▶ _What this task involves_
Please transcribe only the lines from the one holding "哥弟阿玛施正品重工提花珠片内搭毛衣女秋冬羊毛加厚针织洋气上衣" through the final line of the data, both included, with no pictures.

▶ _Supplied data_
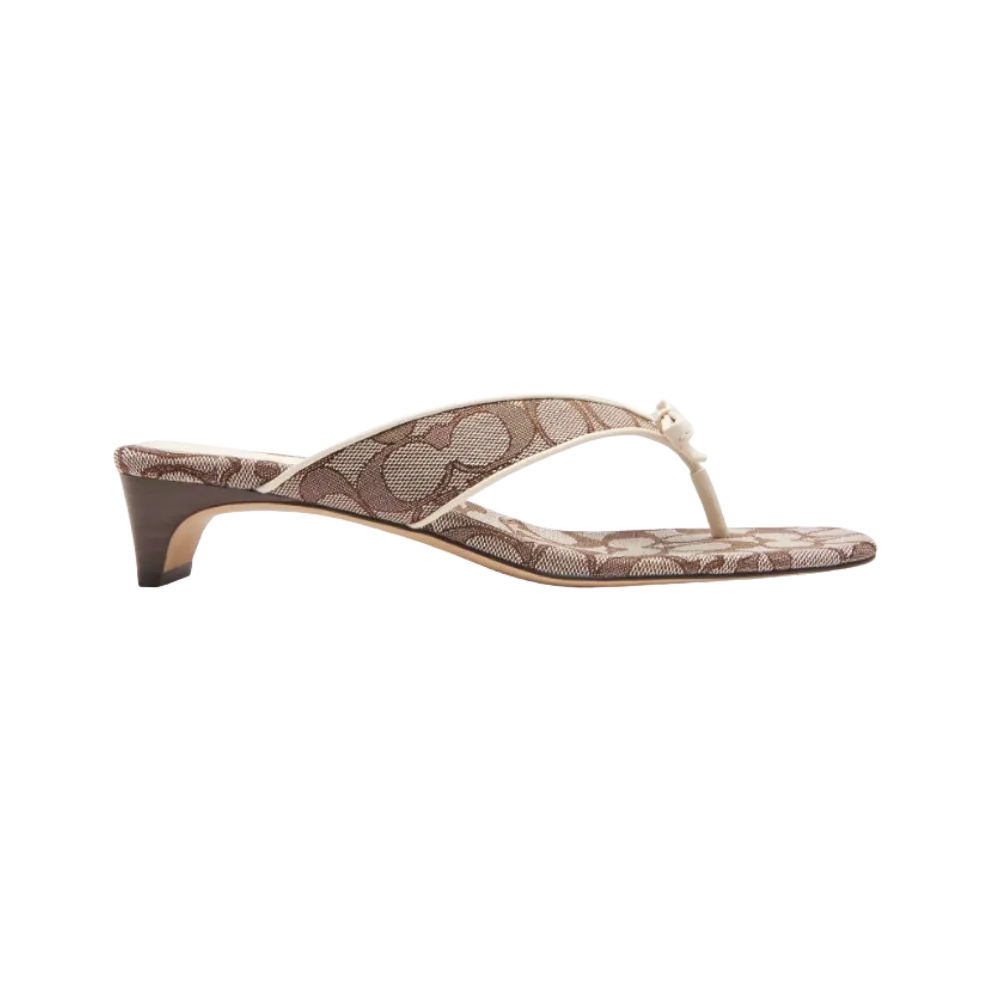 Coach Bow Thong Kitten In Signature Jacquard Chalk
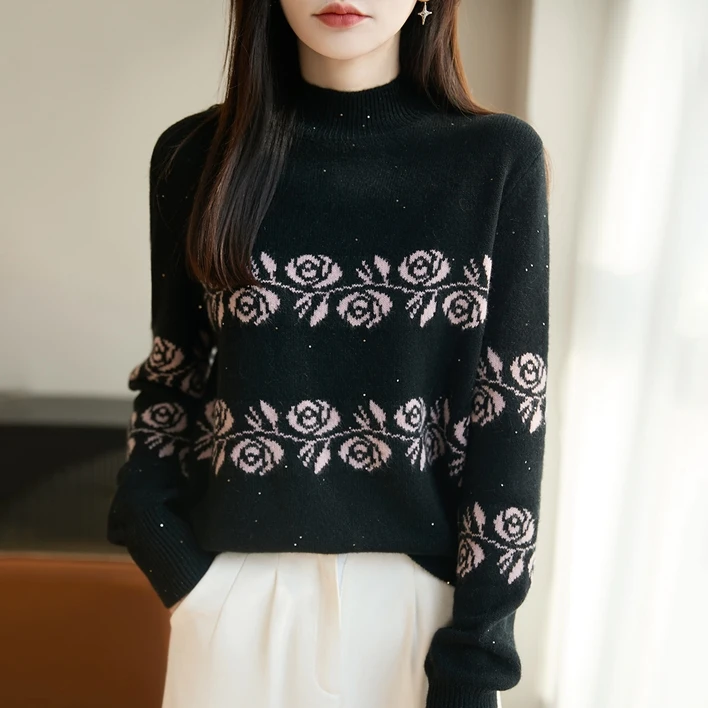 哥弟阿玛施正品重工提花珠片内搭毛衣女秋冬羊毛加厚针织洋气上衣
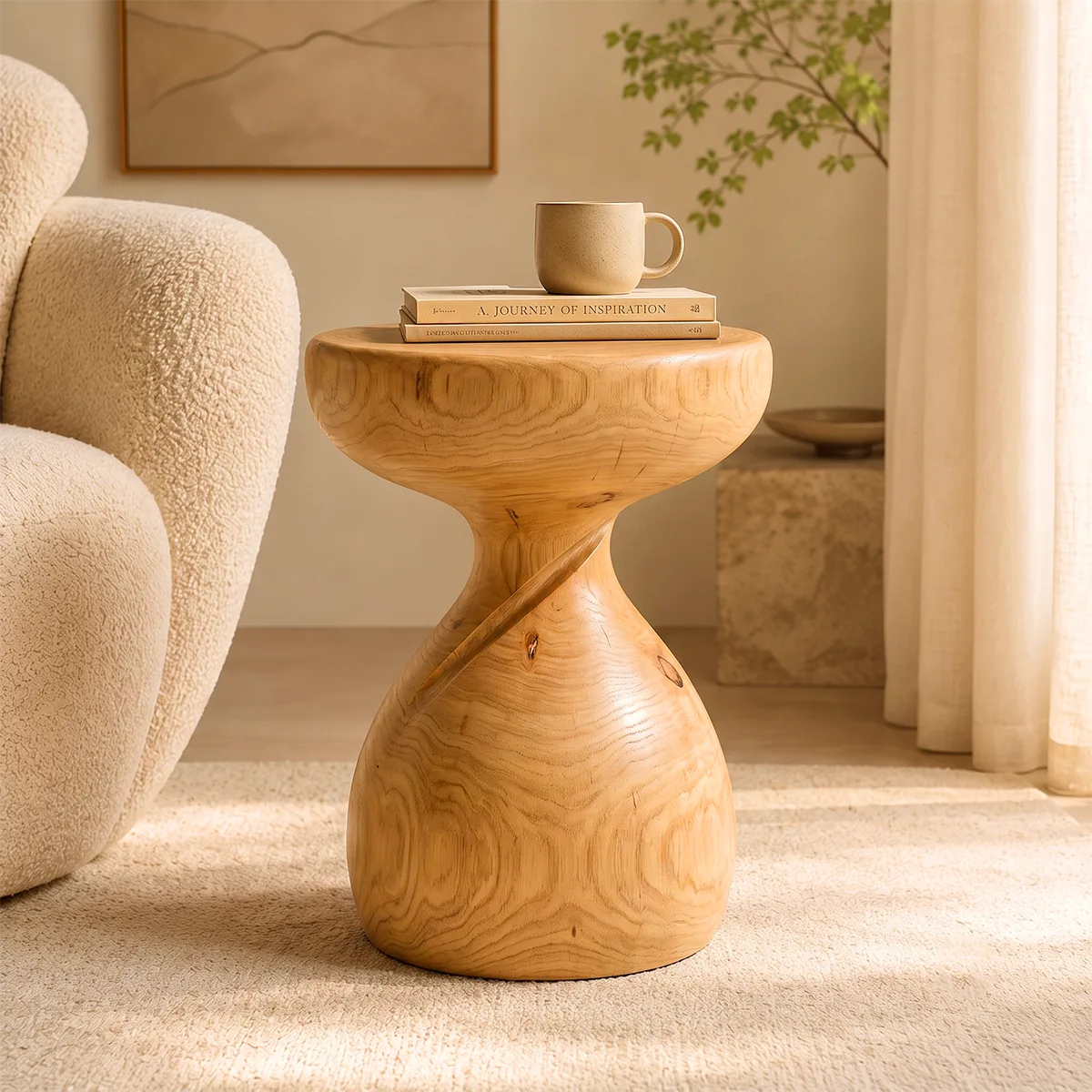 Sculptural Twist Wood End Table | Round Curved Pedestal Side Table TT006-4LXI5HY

▶ _Output for this task_
 哥弟阿玛施正品重工提花珠片内搭毛衣女秋冬羊毛加厚针织洋气上衣
 Sculptural Twist Wood End Table | Round Curved Pedestal Side Table TT006-4LXI5HY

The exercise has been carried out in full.